Ok, o fato é que não, não é saber se Mark volta para casa que prende nossa atenção ao longo da leitura (ahá, aposto que você tomou um susto achando que eu contei o fim. Vou tentar um post spoiler-free, prometo). A grande sacada de Perdido em Marte é que voltar para a Terra é um entre outros tantos desafios que ele terá que enfrentar para sobreviver a partir do momento em que um acidente o separou de sua equipe de pesquisa em Marte. Cheguei a ler algumas críticas que apontam como um dos defeitos do livro, porque a estrutura acaba se tornando repetitiva: desafio, superação, desafio, superação. Sabe, é como se você estivesse jogando Super Mario, derrotasse o chefe da fase e aí…

Mas eu não consigo concordar com essa opinião. Porque veja bem, o cara não está sozinho em uma ilha deserta, é um planeta diferente, meu amigo. Até o ar é um problema. Então é óbvio que a estrutura seguirá dessa forma, porque não seria possível esperar outra coisa de um sujeito sozinho em Marte do que um monte de desafios a serem superados até o momento em que ele pudesse voltar para a Terra.

E mesmo a repetição da estrutura não chegou a me incomodar porque Mark Watney é uma das melhores personagens-narradoras que li recentemente. Sério, o cara é muito divertido. Um nerdão muito divertido, o que significa um monte de referências à cultura pop para pescar (de minha parte confesso que o “Damn it, Jim, I’m a botanist, not a chemist!” da página 36 foi o que me conquistou de vez e fez com que eu continuasse a leitura).

Watney é aquele caso típico de pessoa que recorre ao humor em um momento difícil. Tenho certeza que você deve conhecer alguém assim – enquanto muitos surtam, ficam estáticos ou xingam muito, outros transformam tudo em piada. Esse é Watney (e, até por causa disso, as últimas frases do livro não poderiam ser mais apropriadas).

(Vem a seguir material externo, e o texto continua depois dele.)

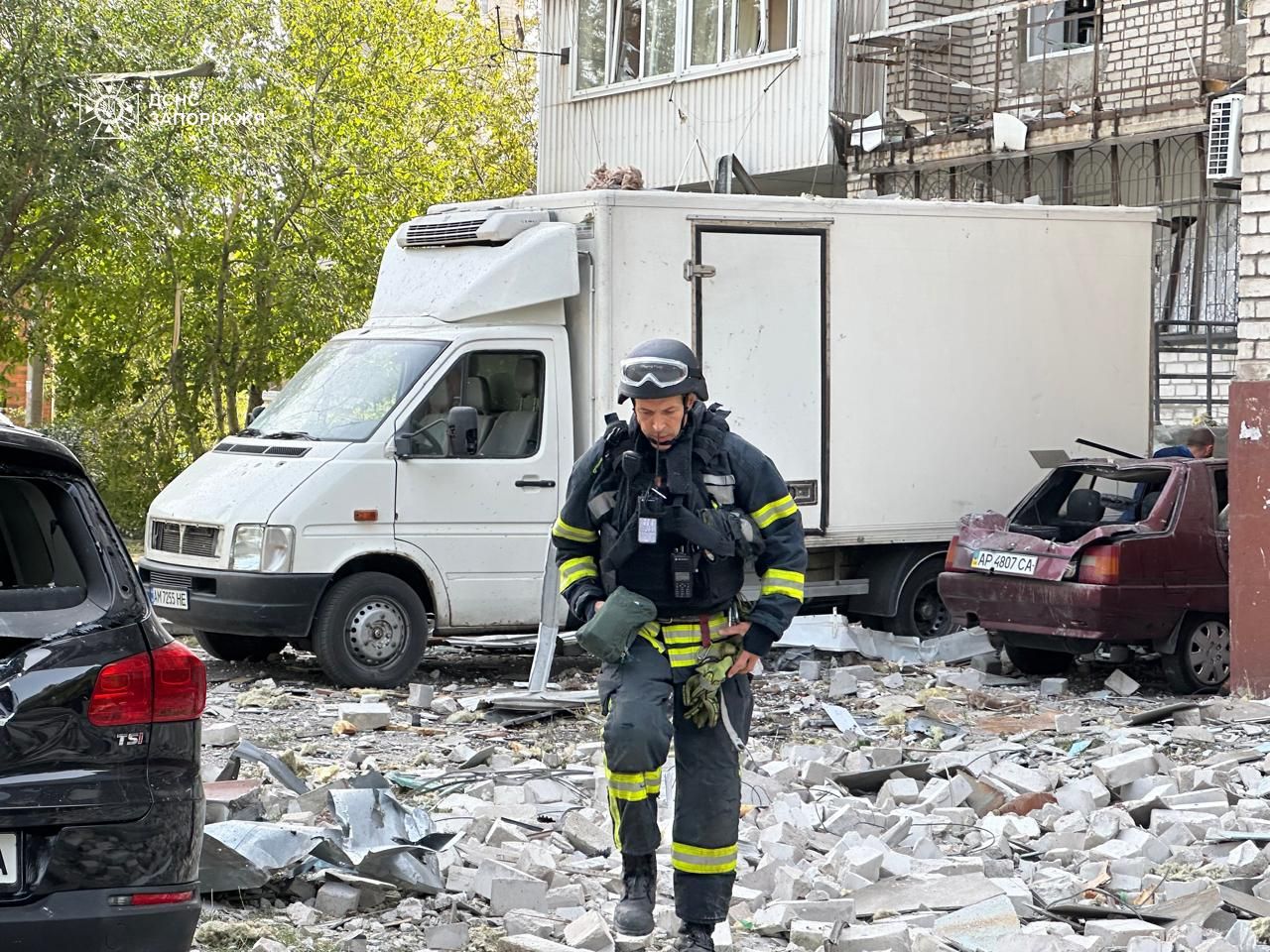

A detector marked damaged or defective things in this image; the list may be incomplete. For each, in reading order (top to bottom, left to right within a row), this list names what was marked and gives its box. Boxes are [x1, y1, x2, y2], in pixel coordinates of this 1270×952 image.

destroyed vehicle [0, 424, 206, 952]
shattered concrete rubble [189, 631, 1270, 952]
destroyed vehicle [937, 460, 1222, 690]
damaged red hatchback [937, 460, 1222, 690] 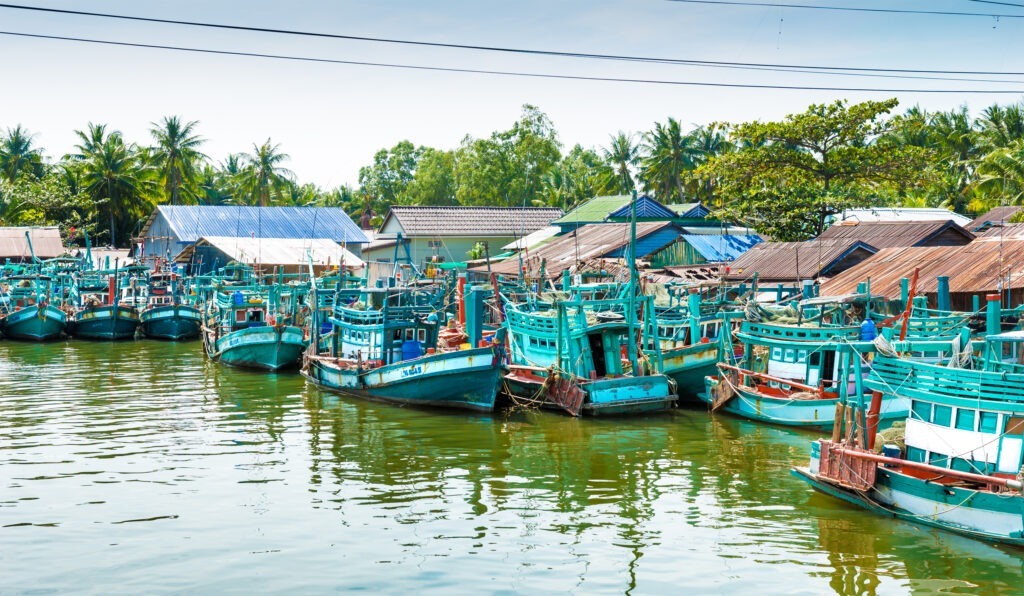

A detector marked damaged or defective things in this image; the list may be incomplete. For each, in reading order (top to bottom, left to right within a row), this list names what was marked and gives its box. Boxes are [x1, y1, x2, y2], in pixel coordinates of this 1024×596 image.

rusty corrugated roof [0, 226, 64, 258]
rusty corrugated roof [478, 221, 680, 280]
rusty corrugated roof [724, 239, 876, 282]
rusty corrugated roof [816, 219, 976, 247]
rusty corrugated roof [824, 235, 1024, 296] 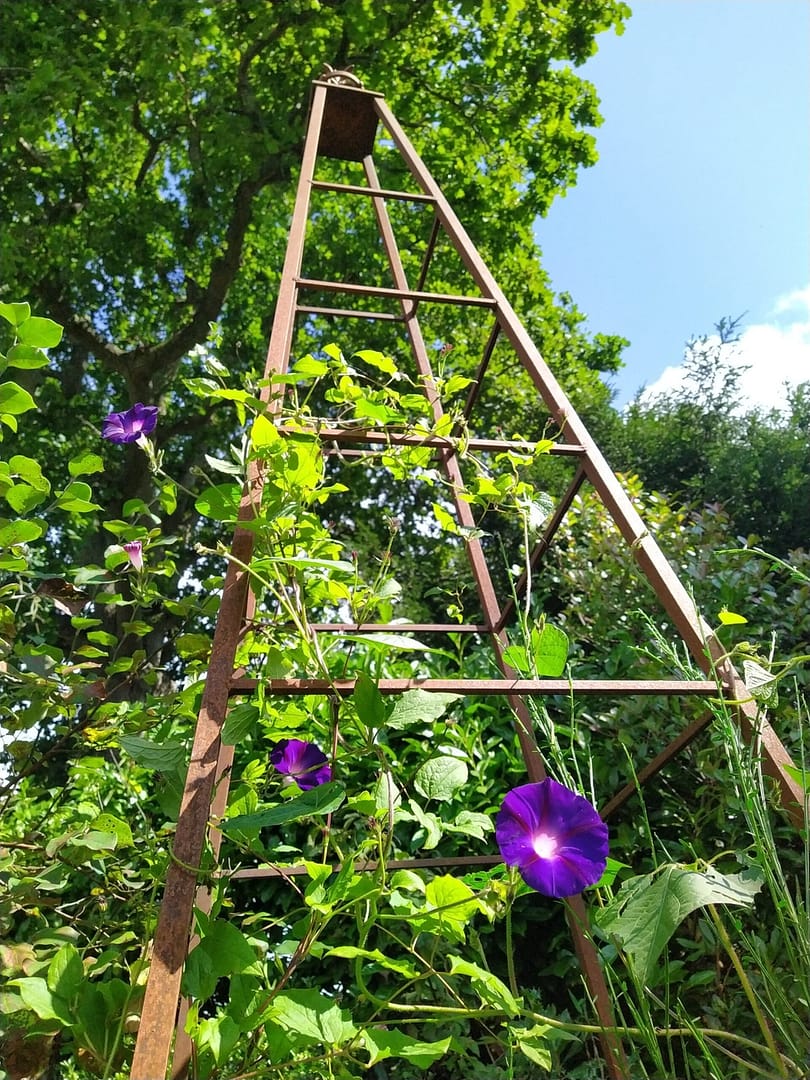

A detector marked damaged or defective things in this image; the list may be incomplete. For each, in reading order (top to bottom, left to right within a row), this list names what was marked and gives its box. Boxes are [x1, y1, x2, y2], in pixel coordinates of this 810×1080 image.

rusted metal frame [311, 178, 438, 203]
rusted metal frame [295, 276, 494, 306]
rusted metal frame [462, 315, 501, 425]
rusted metal frame [278, 423, 583, 453]
rusted metal frame [373, 97, 807, 829]
rusted metal frame [133, 79, 332, 1075]
rusted metal frame [362, 145, 626, 1080]
rusted metal frame [498, 464, 587, 630]
rusted metal frame [226, 678, 717, 695]
rusted metal frame [604, 708, 717, 816]
rusted metal frame [231, 851, 505, 876] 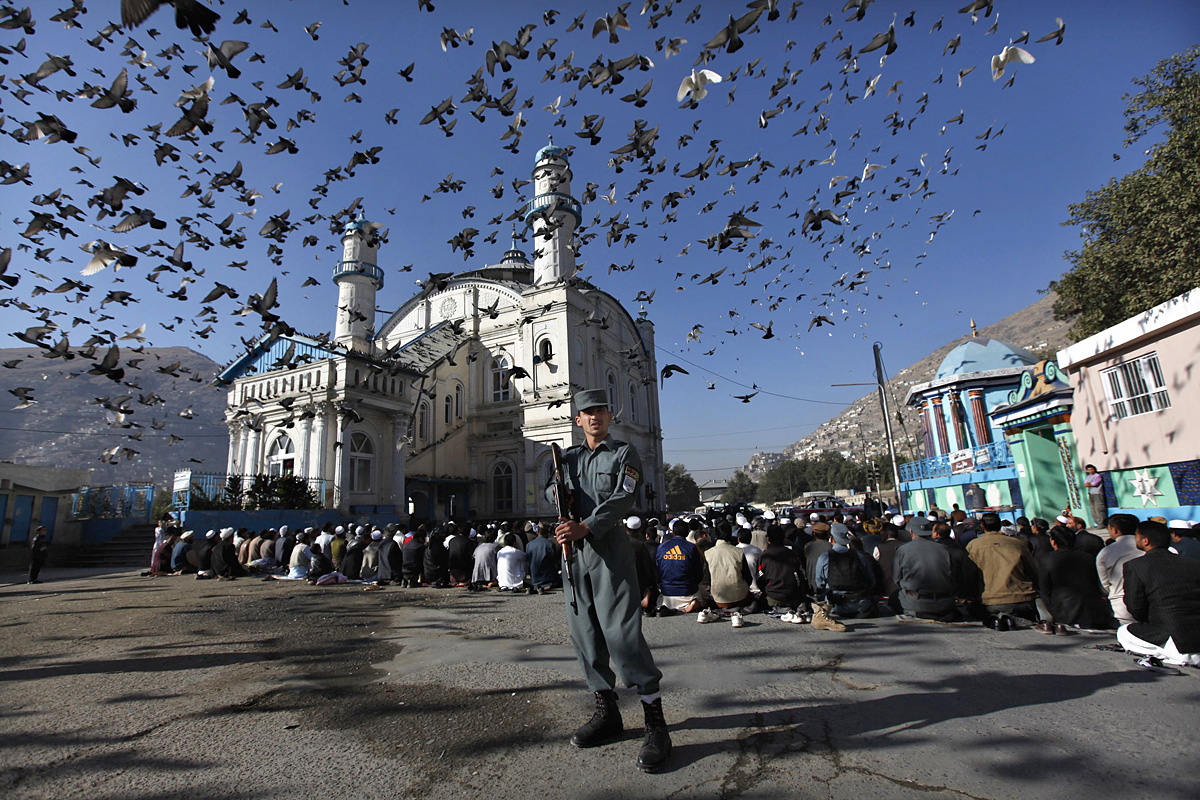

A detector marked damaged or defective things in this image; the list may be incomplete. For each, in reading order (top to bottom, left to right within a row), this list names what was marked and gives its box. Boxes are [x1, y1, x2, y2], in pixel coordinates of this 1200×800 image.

cracked pavement [2, 566, 1200, 796]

E no final das contas como leitores de seus diários nós somos os interlocutores, é conosco que Watney conversa – o que acaba ajudando a criar situações de humor como quando ele está explicando mais uma das MacGyverzices dele:

It seemed to work well. The seal looked strong and the resin was rock-hard. I did, however, glue my hand to the helmet.

Stop laughing.

E na hora eu ri tanto imaginando o sujeito com a mão colada no capacete que ler aquele “pare de rir” fez com que eu risse ainda mais. Tem umas outras passagens em que ele fala com quem está lendo que também criam essa situação de humor, mas acho que essa foi uma das melhores.

Mas o livro não conta apenas com os registros (e portanto, a narração) de Watney, mas também comum narrador em terceira pessoa que descreve como a NASA está trabalhando para trazer Mark para casa. Você poderia imaginar que esse narrador que segue uma linha neutra acabaria sendo chato comparado com a voz do astronauta, o negócio é que Weir faz aí um jogo com as duas vozes que acabam criando situações como essa mescla o narrador contando os pensamentos de Teddy (diretor da NASA) com um registro do diário de Mark:

“What must it be like?”, he pondered. “He’s stuck out there. He thinks he’s totally alone and that we gave up on him. What kind of effect does that have on a man’s psychology?”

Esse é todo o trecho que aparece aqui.